[Material supplied — start]
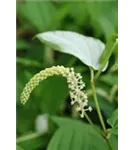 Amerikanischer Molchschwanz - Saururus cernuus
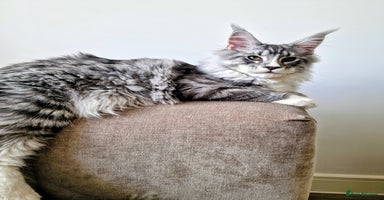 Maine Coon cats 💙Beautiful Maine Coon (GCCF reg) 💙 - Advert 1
[Material supplied — finish]
[Material supplied — start]
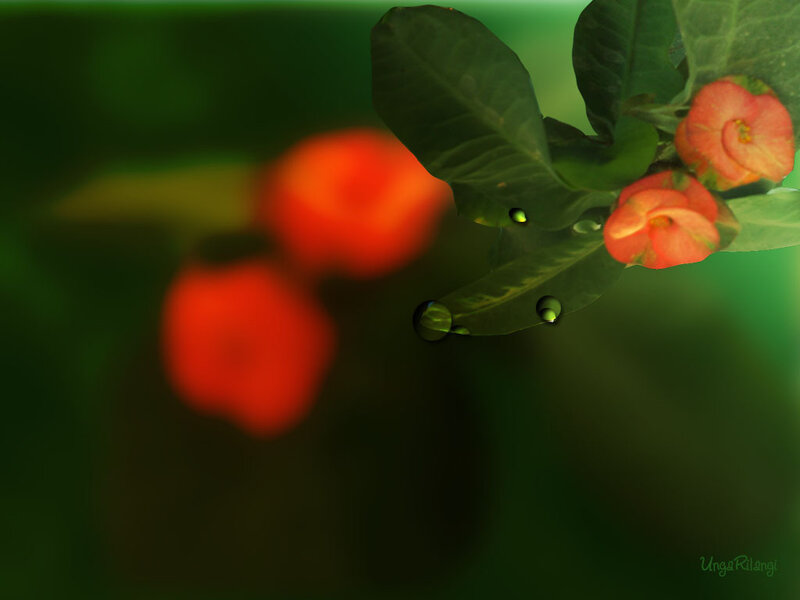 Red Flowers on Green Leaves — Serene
[Material supplied — finish]
[Material supplied — start]
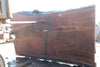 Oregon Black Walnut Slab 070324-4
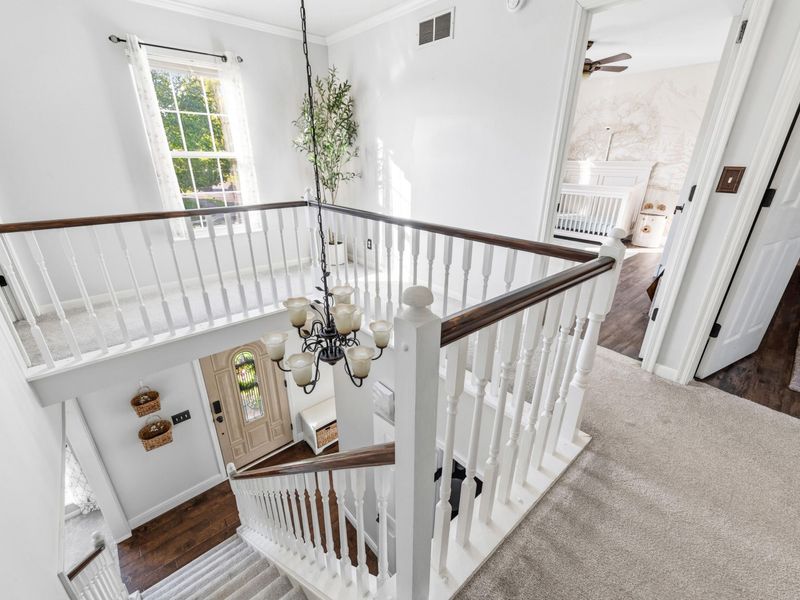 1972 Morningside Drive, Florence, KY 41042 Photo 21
[Material supplied — finish]
> Task description:
Reproduce the data above exactly, but only from the line containing "Oregon Black Walnut Slab 070324-4" through the line containing "1972 Morningside Drive, Florence, KY". Omit all pictures.

> Your response:
 Oregon Black Walnut Slab 070324-4
 1972 Morningside Drive, Florence, KY 41042 Photo 21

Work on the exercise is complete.